Today’s topic seems to focus on the atmosphere inside Clemson’s Memorial Stadium. With 81,500 sought-after tickets, Swinney quipped that he couldn’t even get Jesus a ticket.

Notre Dame knows it’s going to be rowdy. Maybe that’s why last week’s against UMass the Irish went with a non-verbal cadence. So when asked about entering Death Valley, Brian Kelly fully acknowledged the preparation for noise in his Tuesday press conference.

“We’ll be working nonverbal cadence as if it were the loudest environment that we’ve ever played in,” Kelly said.

Loudest environment we’ve ever played in? That sounds like Notre Dame is taking things seriously.

This afternoon, quarterback DeShone Kizer talked about preparing for an electric environment. He pointed to last season’s battle of two undefeated, top- five teams, and how getting to travel to Tallahassee and watch Everett Golson take on the elements will hopefully pay dividends.

“I’ve never heard anything so loud in my life,” Kizer said, when talking about big moments. “It feels like your insides are shaking on third down.”

In a week like this, apparently that wasn’t enough reverence.

In many ways, this feels like a bizarro scenario. It’s usually trips to Notre Dame Stadium that this kind of non-story gets the major build up, with opposing coaches asked the stock question about watching Rudy, talking about Rockne or giving their team a history lesson about the Four Horsemen.

(I’ll answer on behalf of all opposing coaches from now until eternity. “No, we didn’t do any of that.”)

So while we won’t know until Saturday if the moment gets too big for this Irish team, with College GameDay, the prime-time ABC slot and two undefeated teams, it’s curious that the one angle we don’t seem to be talking about is the matchup on the field.

It’s clear that since Swinney took over the Clemson program in 2008, he’s elevated its position nationally. No longer do we hear punchlines associated with the program. Instead, it’s put together a near-historic run of winning teams, averaging 10.5 wins a season over the last four years, including bowl wins over Urban Meyer and Ohio State, Les Miles and LSU, and a five-touchdown pasting of Bob Stoops’ Oklahoma team last season.

But this is also a program that’s loss a ton of talent. Brent Venables has eight new starters on his defense, gutting the core of the nation’s best statistical defense. When asked about how that made him feel this spring, he said, “It was depressing.”

While Deshaun Watson is back and healthy, the group protecting him is breaking in three new starters. That kind of thing doesn’t show up against Wofford or Appalachian State, but it certainly could explain why Watson’s off to a slower-than-expected start.

That takes me to one of the more under-the-radar statements that’s been made this week that surprisingly hasn’t picked up much traction. ESPN’s Todd McShay had this to say, pointing to a pretty significant talent disparity between the two teams.

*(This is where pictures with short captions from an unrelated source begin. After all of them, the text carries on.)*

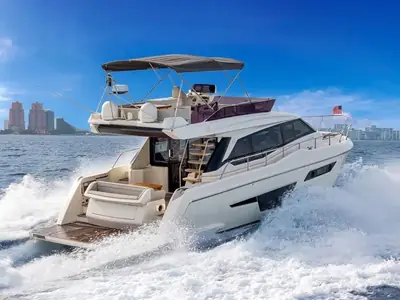 2021 Ferretti 500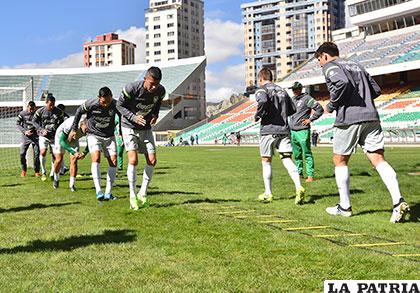 Los seleccionados ayer entrenaron en el estadio /APG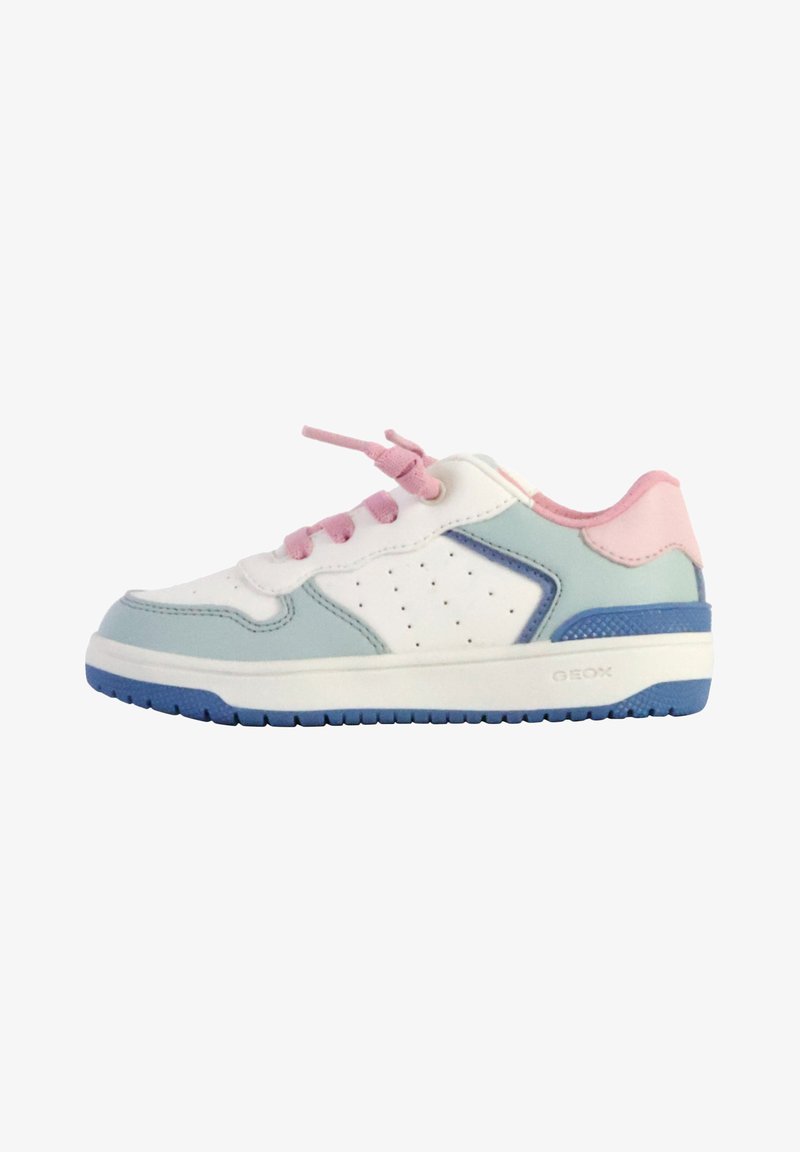 Weiße und pastellblaue Sneaker mit rosa Akzenten, Obermaterial aus strukturiertem Leder und Mesh, runde Zehenform, Schnürverschluss vorne, perforierte Seite für Atmungsaktivität.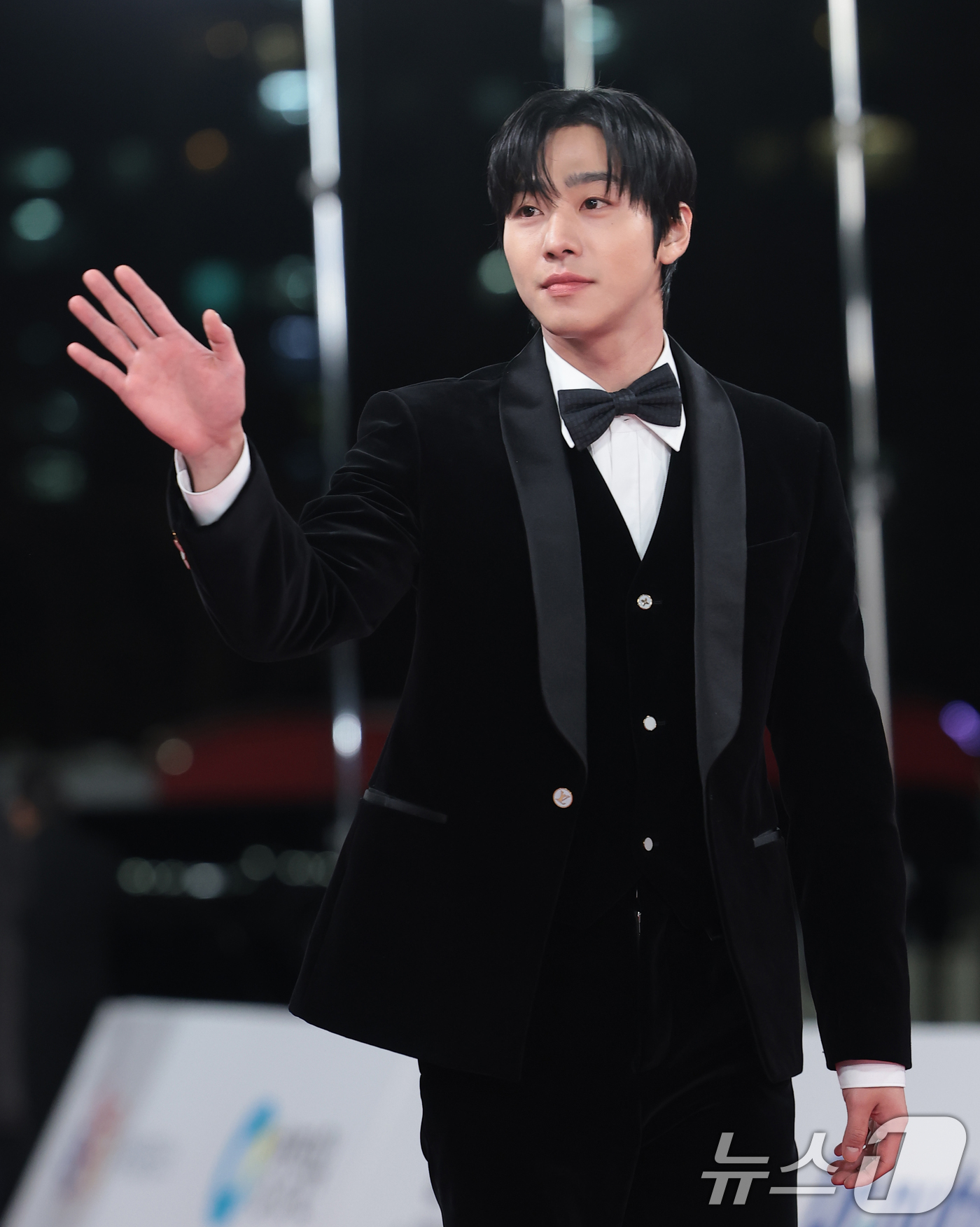 (서울=뉴스1) 권현진 기자 = 배우 안효섭이 19일 오후 서울 영등포구 KBS홀에서 열린 제46회 청룡영화상 시상식에 참석해 레드카펫을 밟고 있다. 2025.11.19/뉴스1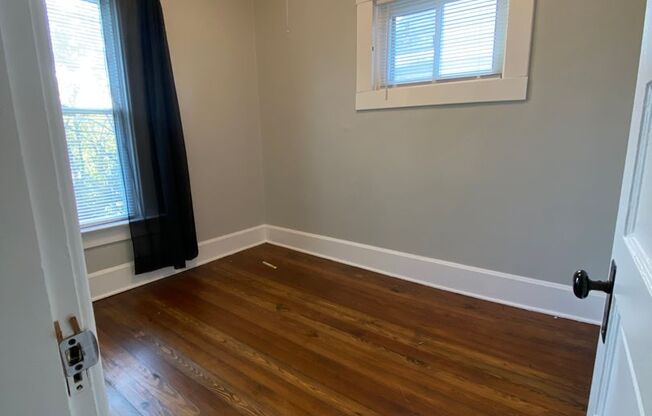 3 beds, 1 bath, 1,100 sqft, $1,500, Unit 337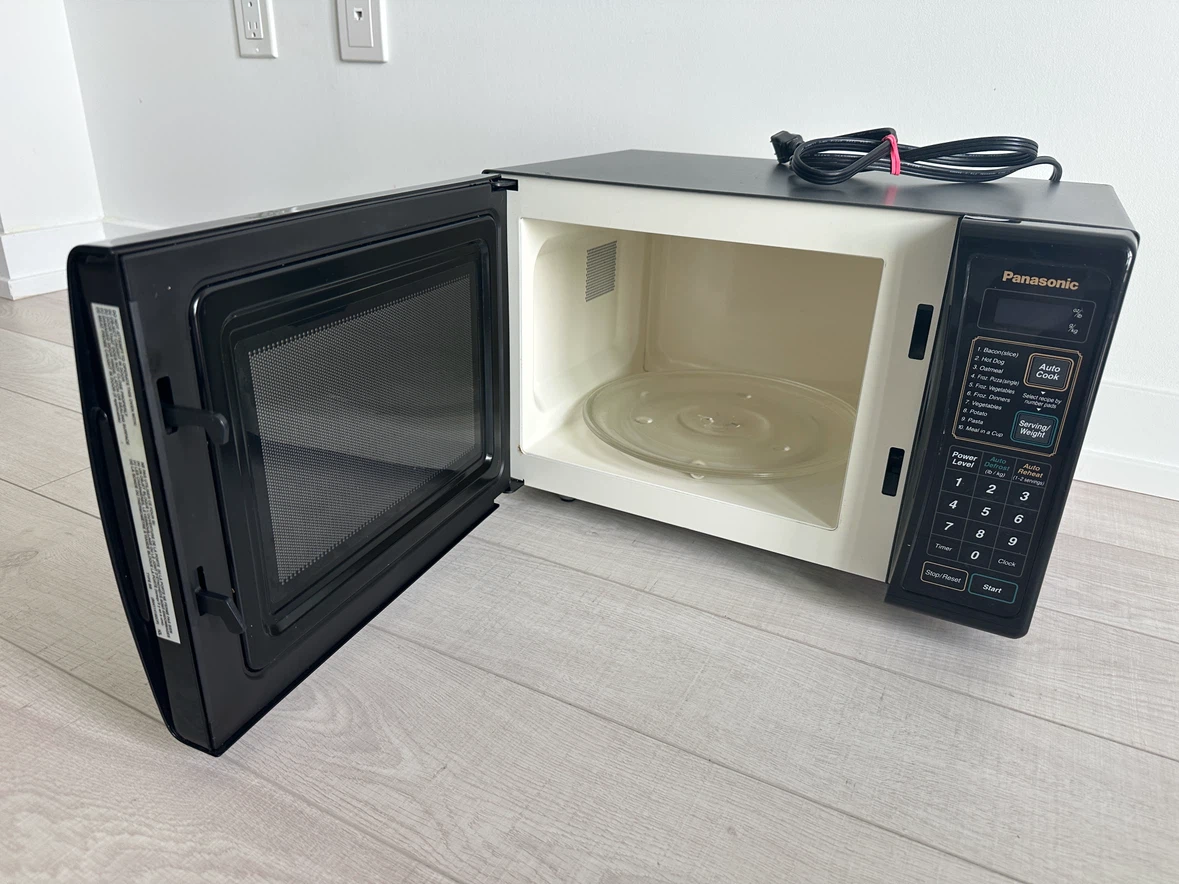 Panasonic Microwave Oven - photo 2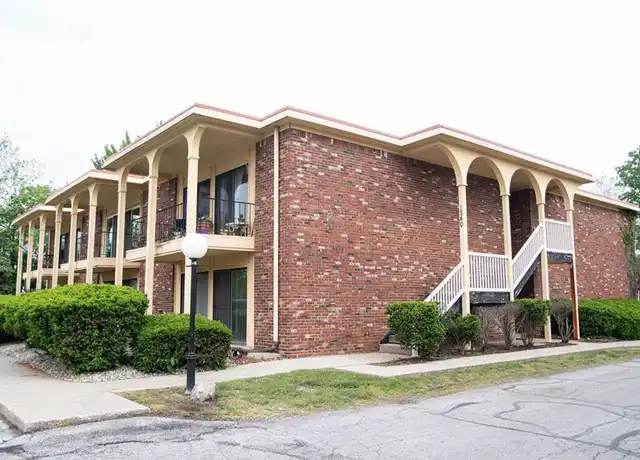 Property at 1252 W 73rd St Unit 1252-D, Indianapolis, IN, 46260, 1 bed, 1 bath, [object Object]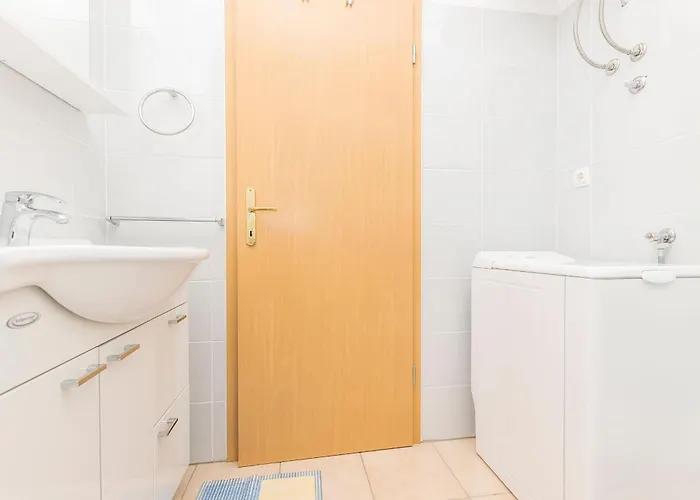 Rosanda ピロヴァッツ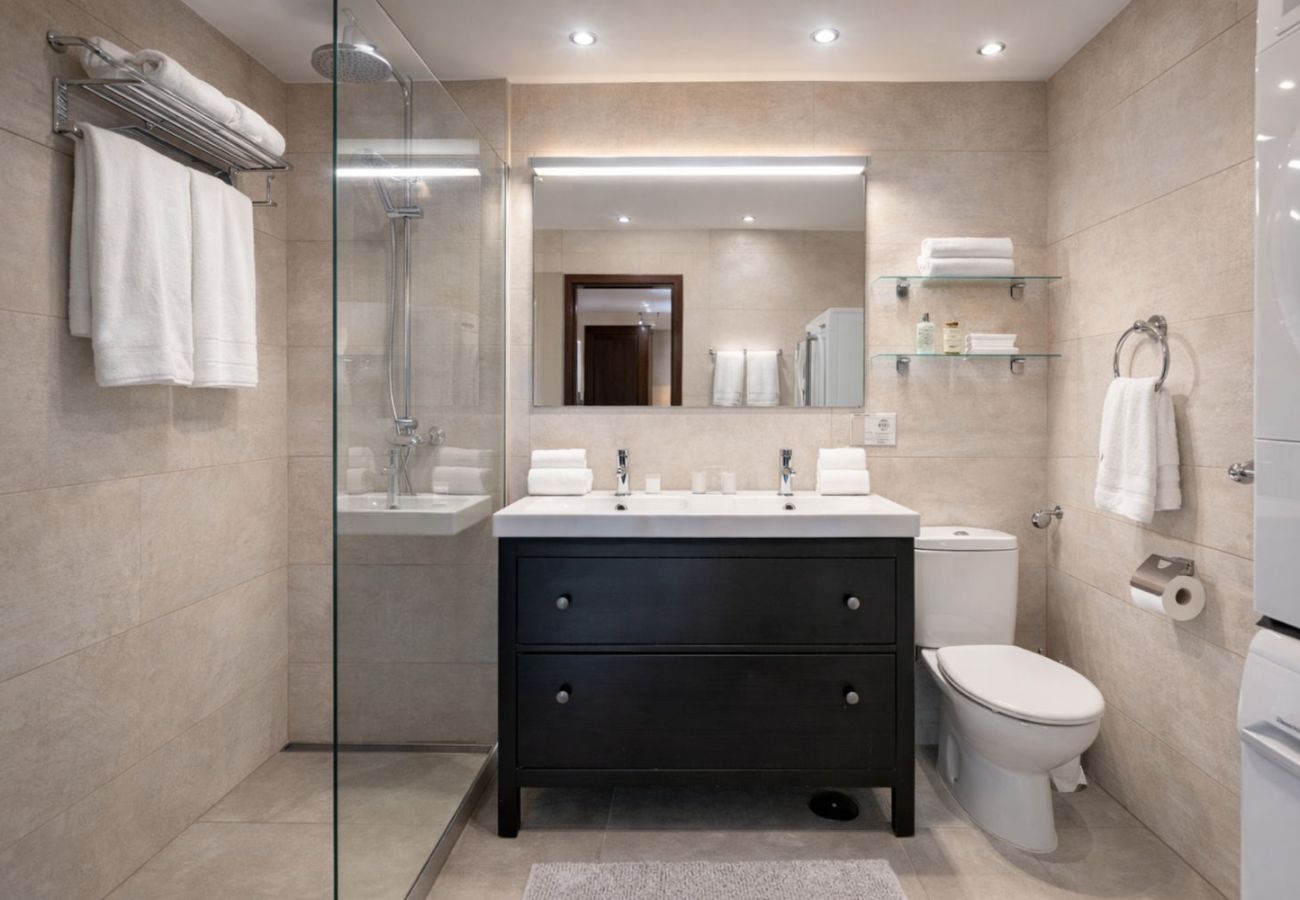 Casa adosada en Nerja - Casa Lavanda – Casa de vacaciones en Nerja con vistas al mar y piscina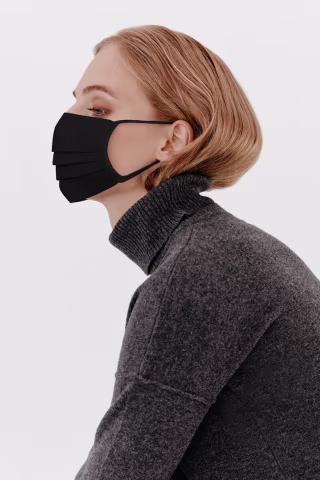 Cuyana Face Mask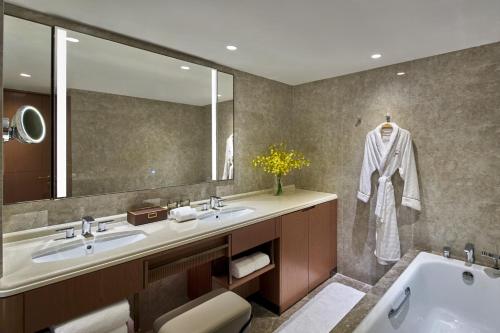 Hopewell Hotel Room Type - Premium Panoramic Suite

“For some perspective, 10 of our top 150 draft-eligible prospects will be playing in this game on Saturday, and all 10 of them will be wearing gold helmets.”

That’s a bold statement. And one that certainly flies in the face of conventional logic, especially with Notre Dame being down six big-time contributors.

So while most of this week’s discussion has been on everything that doesn’t seem to matter, one of the more interesting—and controversial statements—made this week doesn’t seem to have garnered any attention.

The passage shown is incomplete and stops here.